(Source data)
===============

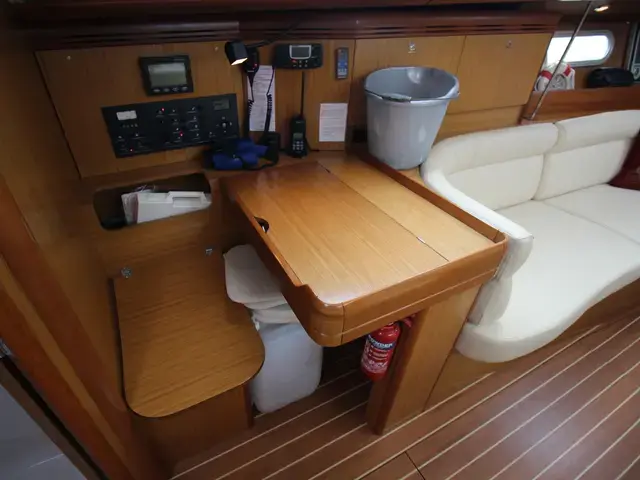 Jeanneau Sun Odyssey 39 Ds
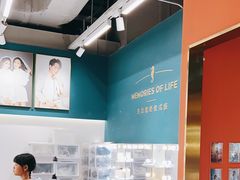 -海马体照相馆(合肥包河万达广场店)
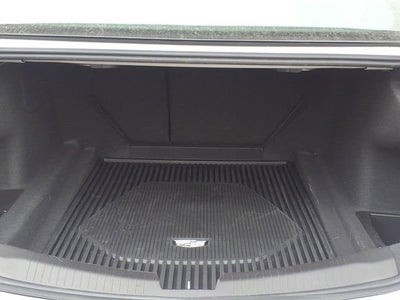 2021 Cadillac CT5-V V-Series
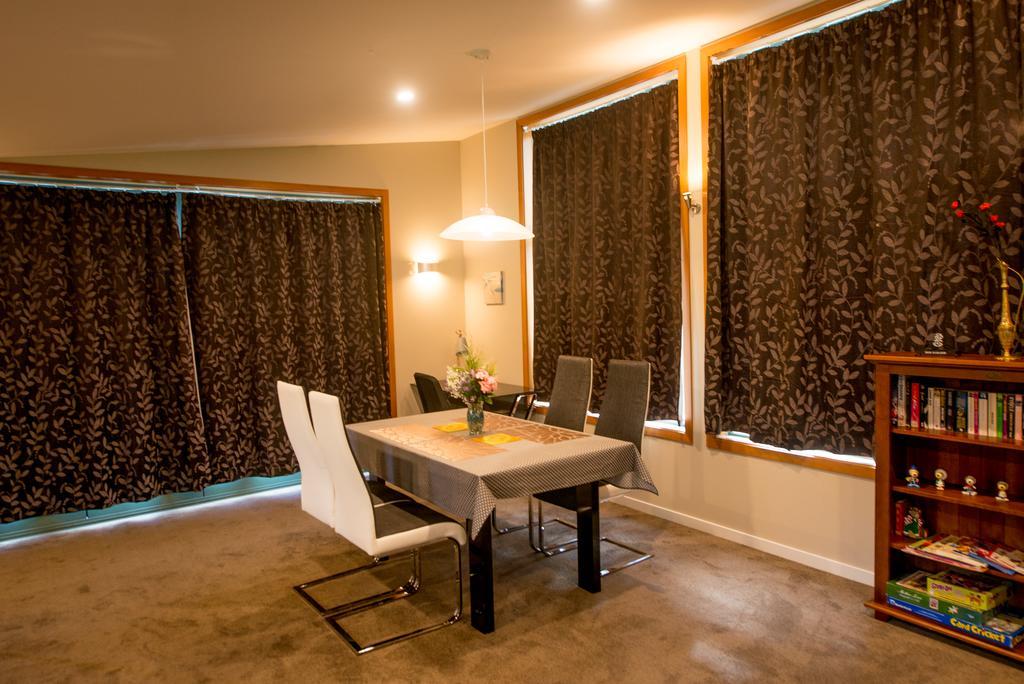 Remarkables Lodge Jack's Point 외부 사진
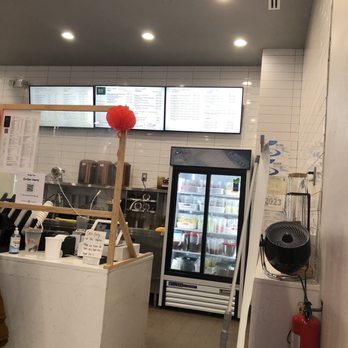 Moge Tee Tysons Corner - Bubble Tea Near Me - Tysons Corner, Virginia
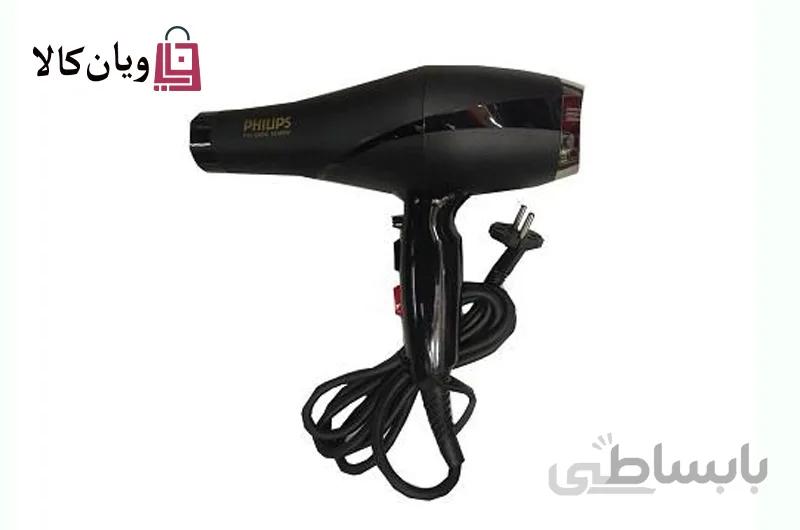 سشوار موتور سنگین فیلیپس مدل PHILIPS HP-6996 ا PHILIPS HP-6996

===============

(Exercise directions) All of the data is to be transcribed exactly, with images omitted.

(Solution below)
 Jeanneau Sun Odyssey 39 Ds
 -海马体照相馆(合肥包河万达广场店)
 2021 Cadillac CT5-V V-Series
 Remarkables Lodge Jack's Point 외부 사진
 Moge Tee Tysons Corner - Bubble Tea Near Me - Tysons Corner, Virginia
 سشوار موتور سنگین فیلیپس مدل PHILIPS HP-6996 ا PHILIPS HP-6996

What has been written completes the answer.